[DATA RECORDS — start]

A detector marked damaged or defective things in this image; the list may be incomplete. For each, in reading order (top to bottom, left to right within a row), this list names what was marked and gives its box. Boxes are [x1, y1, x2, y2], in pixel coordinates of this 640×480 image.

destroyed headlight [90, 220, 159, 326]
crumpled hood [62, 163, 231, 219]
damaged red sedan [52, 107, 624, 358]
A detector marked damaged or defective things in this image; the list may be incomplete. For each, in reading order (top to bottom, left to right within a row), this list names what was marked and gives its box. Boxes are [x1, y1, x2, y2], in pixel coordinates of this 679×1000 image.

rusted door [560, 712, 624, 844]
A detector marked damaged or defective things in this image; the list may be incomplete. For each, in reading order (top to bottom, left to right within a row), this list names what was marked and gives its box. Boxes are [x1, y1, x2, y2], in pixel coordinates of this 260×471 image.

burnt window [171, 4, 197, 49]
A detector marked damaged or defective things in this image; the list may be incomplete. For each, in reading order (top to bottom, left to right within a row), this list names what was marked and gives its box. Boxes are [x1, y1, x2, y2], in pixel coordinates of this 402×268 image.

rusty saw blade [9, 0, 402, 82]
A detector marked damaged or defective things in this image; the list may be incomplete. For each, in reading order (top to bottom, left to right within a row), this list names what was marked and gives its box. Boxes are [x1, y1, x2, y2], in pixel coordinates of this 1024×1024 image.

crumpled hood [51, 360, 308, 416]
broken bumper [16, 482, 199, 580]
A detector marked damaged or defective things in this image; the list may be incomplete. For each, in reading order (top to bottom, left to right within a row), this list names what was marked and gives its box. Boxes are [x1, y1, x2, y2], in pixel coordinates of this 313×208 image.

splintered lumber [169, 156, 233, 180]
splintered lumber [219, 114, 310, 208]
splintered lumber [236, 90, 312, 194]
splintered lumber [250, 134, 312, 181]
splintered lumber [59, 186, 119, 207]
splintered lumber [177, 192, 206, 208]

[DATA RECORDS — finish]

TASK DETAILS ::
Could you quote, exactly as they appear, the line containing "this 402×268 image." and every line after it to the end of the records above?

TASK RESPONSE ::
A detector marked damaged or defective things in this image; the list may be incomplete. For each, in reading order (top to bottom, left to right within a row), this list names what was marked and gives its box. Boxes are [x1, y1, x2, y2], in pixel coordinates of this 402×268 image.

rusty saw blade [9, 0, 402, 82]
A detector marked damaged or defective things in this image; the list may be incomplete. For each, in reading order (top to bottom, left to right within a row), this list names what was marked and gives its box. Boxes are [x1, y1, x2, y2], in pixel coordinates of this 1024×1024 image.

crumpled hood [51, 360, 308, 416]
broken bumper [16, 482, 199, 580]
A detector marked damaged or defective things in this image; the list may be incomplete. For each, in reading order (top to bottom, left to right within a row), this list names what was marked and gives its box. Boxes are [x1, y1, x2, y2], in pixel coordinates of this 313×208 image.

splintered lumber [169, 156, 233, 180]
splintered lumber [219, 114, 310, 208]
splintered lumber [236, 90, 312, 194]
splintered lumber [250, 134, 312, 181]
splintered lumber [59, 186, 119, 207]
splintered lumber [177, 192, 206, 208]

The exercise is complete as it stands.